September 16, 2013
Massive open online courses (MOOCs) -- typically free, online courses hosted by well known universities -- have their share of critics, but their champions deem them revolutionary. By giving anyone, anywhere access to quality higher education, they argue, MOOCs redefine educational accessibility. Battushig Myanganbayar, a Mongolian teen, proves they are onto something.
Myanganbayar is not your typical teenager, reports The New York Times. Living in Mongolia -- where a third of the population is nomadic, living in round felt tents called gers -- he prefers working with electronics to reading "Harry Potter" books or listening to music. Last year, he created a device that would sense approaching cars and trigger a warning light. Its purpose was to warn children playing in apartment driveways to clear out safely. He unveiled Garage Siren on YouTube, demonstrating how it works. The video attracted a lot of attention -- including that of Massachusetts Institute of Technology officials. That was not their first inkling of his skill, however. In fact, MIT first became acquainted with Myanganbayar when he aced its sophomore-level Circuits and Electronics class, a challenging course and one of the first MOOCs ever offered through the startup edX.
In the last 18 months, more than 100 schools have launched MOOCs, including the likes of Harvard, Caltech and the University of Texas. edX, a platform launched by MIT and Harvard last year, was one of the earliest experiments with this type of massively available online education. Myanganbayar's Circuits and Electronics class is challenging even in a classroom environment, and nearly half its MOOC students dropped out. Myanganbayar, however thrived, even though the lectures were in a second language, and even created videos in Mongolian in order to help others students succeed.
"I had never done that kind of thing before," Myanganbayar told the Times. "It was really a watershed moment for me."His teachers and mentors encouraged him to apply to MIT. He just started his freshmen year, one of 88 international students in a freshman class numbering 1,116. Stuart Schmill, the dean of admissions at MIT, said Myanganbayar's perfect Circuits score proved that he can handle the work.
Myanganbayar's story proves two things, reports Boston: First, it implies people really can learn and excel with MOOC-based education. Second, it proves that MOOCs really can identify some of the world's most talented students, funneling them to elite educational institutions. Of course, not all students -- first- or third-world -- will succeed, but according to edX founder Anant Agarwal, that is okay.

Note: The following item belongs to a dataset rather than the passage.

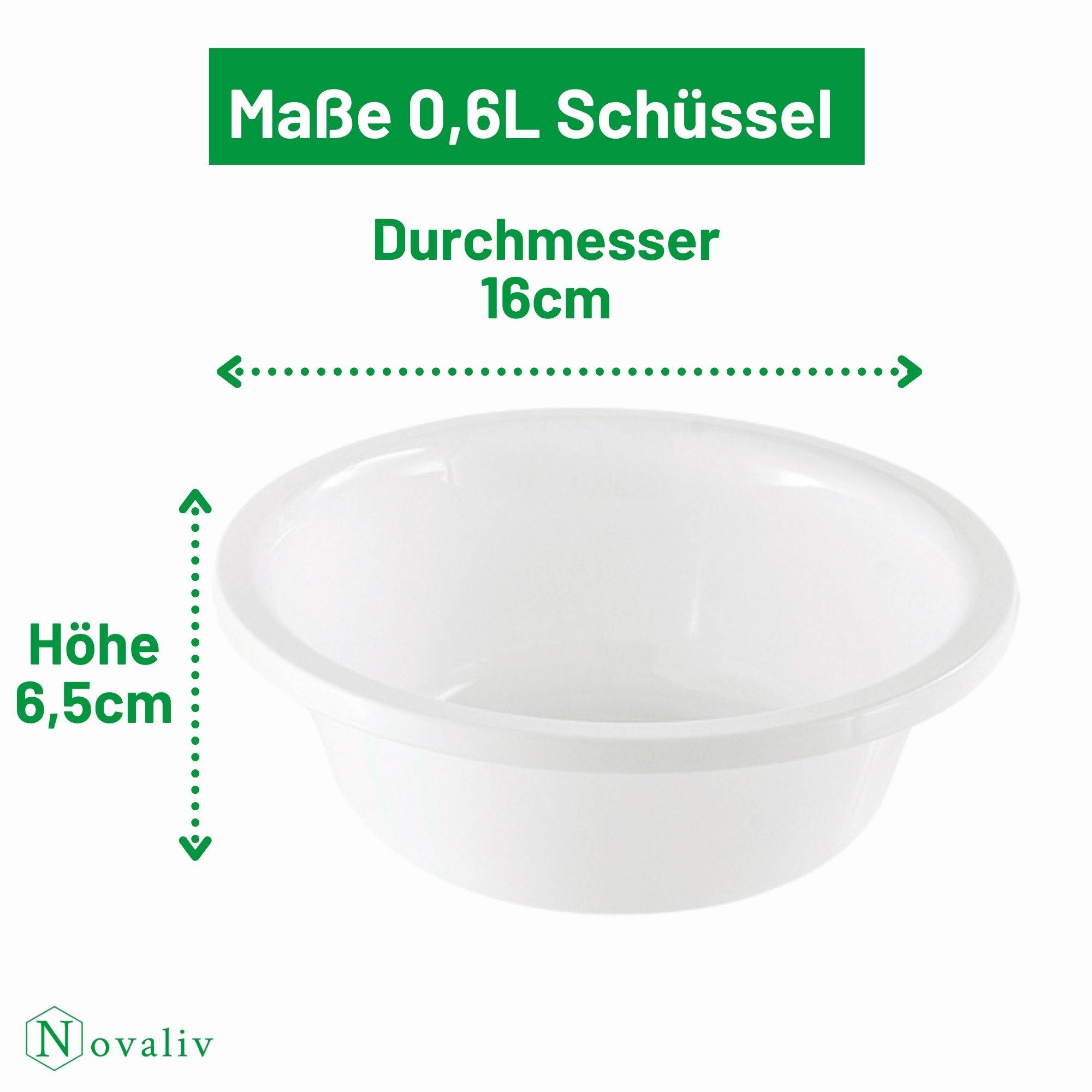 Novaliv 3x Spülschüssel Rund 0,6L, D16 cm, Weiß, BPA-frei & Spülmaschinenfest – Ideal für Küche und Camping, kleine Rundschüssel, Plastiksch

"Some people may complete half the course and feel that that is enough for them. But that is not a negative, Agarwal told The Economic Times. "But even that 5 percent were able to do well in an MIT hard class, I think it is good."
For now, MOOC providers like edX and affiliated institutions like MIT will continue to harness their global potential, finding and developing new talent in regions once unreachable.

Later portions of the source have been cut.